EXERCISE REQUIREMENTS
Transcribe the listing verbatim. Do not carry over any pictures.
(DATA EXCERPT Opens)
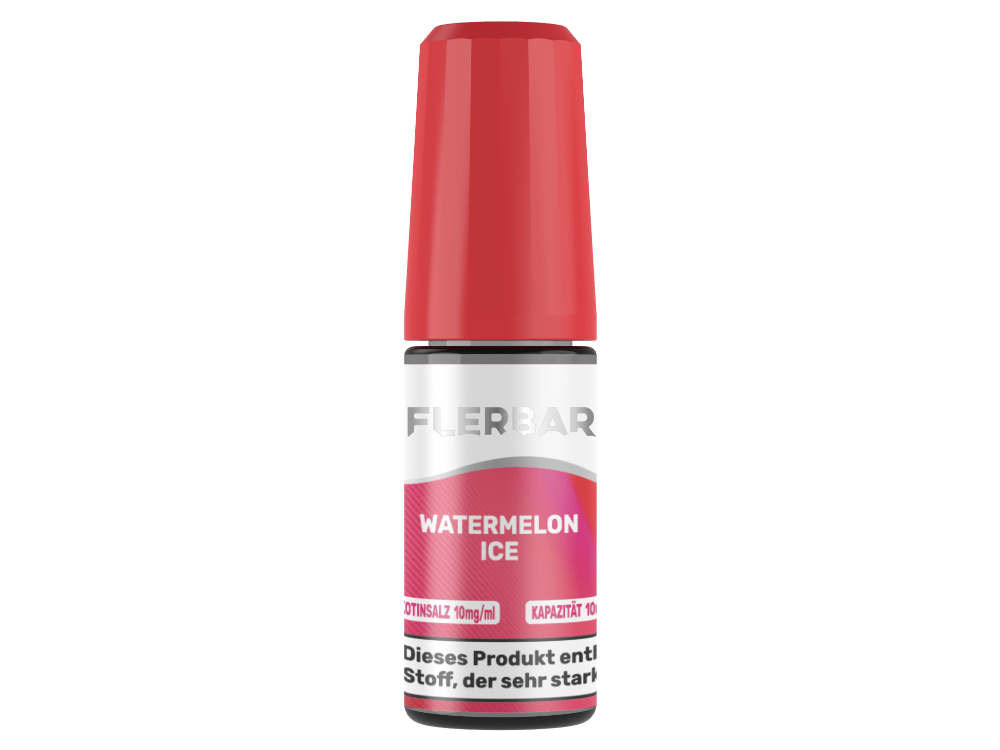 Flerbar Liquid - Watermelon Ice - 10ml Fertigliquid (Nikotinsalz) - Watermelon Ice 1er Packung 10 mg/ml - Vapes4you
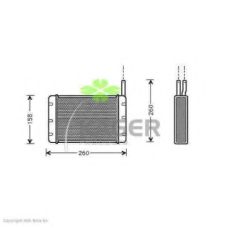 32-0389 KAGER Теплообменник, отопление салона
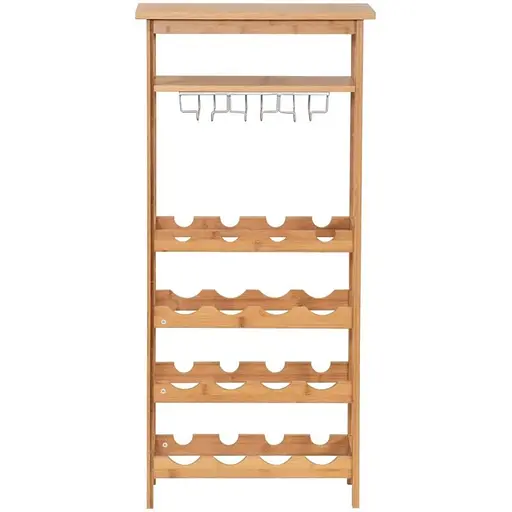 Винный стеллаж Chomik Wine бамбук - фото 5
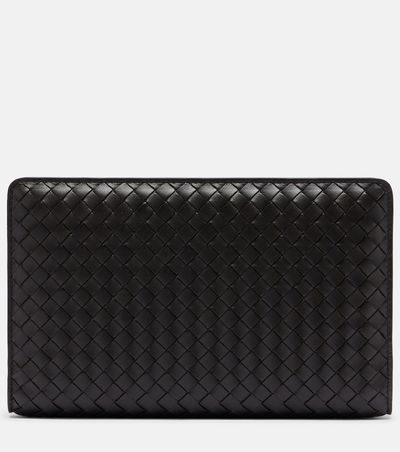 Bottega Veneta Bottega Veneta Agenda Intrecciato leather clutch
(DATA EXCERPT Closes)
FINAL ANSWER
 Flerbar Liquid - Watermelon Ice - 10ml Fertigliquid (Nikotinsalz) - Watermelon Ice 1er Packung 10 mg/ml - Vapes4you
 32-0389 KAGER Теплообменник, отопление салона
 Винный стеллаж Chomik Wine бамбук - фото 5
 Bottega Veneta Bottega Veneta Agenda Intrecciato leather clutch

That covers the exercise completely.